The Hour We Knew Nothing of Each Other

Peter Handke, from a new translation by Meredith Oakes
RNT Lyttelton
(2008)

Production photo

If anybody thinks that it is easy to be a theatre critic, they should try to come up with a few hundred words about this play, first seen in 1992. It is worthy, enjoyable and completely indescribable.

To start with, even though there is a cast of around 27 actors, most of the highest quality, and a text apparently translated by Meredith Oakes, not a word is uttered in getting on for 100 minutes. This is not unique at the National, since not too long ago, Matthew Bourne presented the aptly named Play Without Words but at least that had music.

On one level, all that happens is a series of relatively nondescript individuals walk, jump, run and limp across a wide stage, backed by a series of inside out structures designed by Hildegard Bechtler that could have come straight from a Rachel Whiteread exhibition.

James MacDonald's production deliberately starts out to be low-key so that a few minutes in, visitors begin to wonder what they have let themselves in for. Gradually, there is more humour and a little interaction between characters and this builds to comic crescendos and dramatic peaks.

The Hour We Knew Nothing of Each Other is actually built on hundreds of little dreamlike vignettes, stories told in seconds that often say much about characters whom we only see for the length of time that it takes them to cross the stage.

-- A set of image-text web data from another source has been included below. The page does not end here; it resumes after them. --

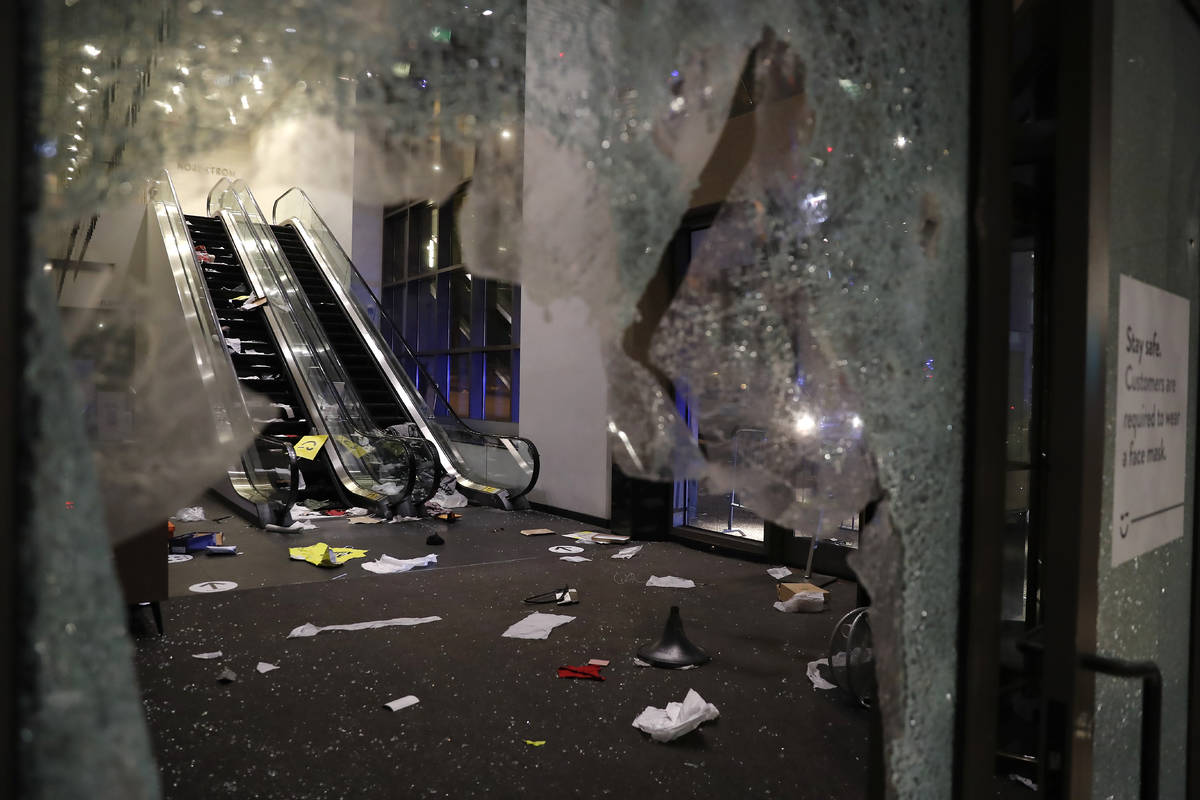 Glass is shattered in the Nordstrom store after a riot occurred in the Gold Coast area of the c ...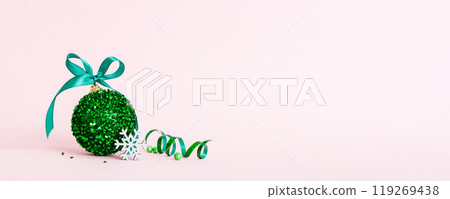 Christmas ball on colored background. decoration bauble with ribbon bow with copy space Christmas ball on colored background. decoration bauble with ribbon bow with copy space 119269438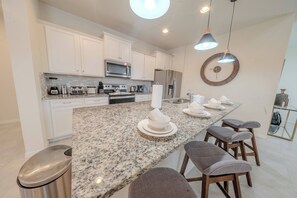 A modern kitchen with white cabinetry, granite countertops, and stainless steel appliances. There are bar stools and a large mirror on the countertop. - Go!#41 - WINDSOR AT WESTSIDE (Kissimmee)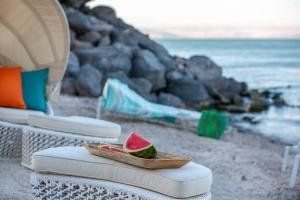 a slice of watermelon in a bowl on a chair on the beach at U Boutique Kinneret by the Sea of Galilee in Tiberias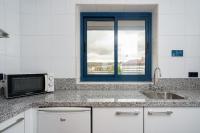 A kitchen or kitchenette at Aparthotel Campus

While the general emphasis is on images that suggest that this city square might be in Britain, there are also infringements from those who looked distinctly foreign, at times in tropical heat waves or Russian frozen spells and, in one memorable image, both simultaneously.

The evening also can feel almost like one of those Christmas mega-quizzes in a Sunday supplement. You know that much of what you are seeing is based on clever cultural references but surely nobody could manage to identify the lot, or quite possibly even half.

In this play, Charlie Chaplin and Magritte share the stage with, inter alia, a pair of firemen, a not so cool skateboarder, a Manchester City fan, Africans and Arab,; a tablet-bearing Moses, Papageno, and, more bizarrely, Tarzan, Nosferatu and a human banana.

As well as individuals, there are also couples and groups coming together, the most memorable of which, ignoring a great coup de théàtre that you will have to find out about by going to the National, might be a well choreographed sword fight by oldies brandishing walking sticks.

Throughout, both writer and director have an eye on comic images and, in a strong cast that includes good physical performances from the likes of Harry Towb, Sarah Woodward, Lisa Dillon and Mark Hadfield, it seems unfair to single out Jason Thorpe.

However, whenever he donned his canary yellow slipover and at the same time the persona of a determined little schoolboy, the comedy reached its peak, helped by homages to Harpo Marx and Norman Wisdom.

He did a fine job of lampooning a humourless aircrew, helped Hadfield's road sweeper and even got involved in one of the play's more tragic moments seeking fun at a deathly moment that symbolically melted into some noisy attempts at street corner procreation.

The Hour We Knew Nothing of Each Other becomes a microcosm of life, as Austrian playwright and novelist Peter Handke repeatedly comes up with images that are at times surreal but at others all too real.

While it is easy to concentrate on the comedy, the darker side of contemporary existence is also portrayed and explored, but always in bite-sized chunks.

This is a rich evening that will keep the brain churning long after the body has left the South Bank. It may sound unpromising but anyone willing to take the plunge will see a completely different kind of theatrical event and is bound to experience a lots of laughs and a few shudders by the end of the evening.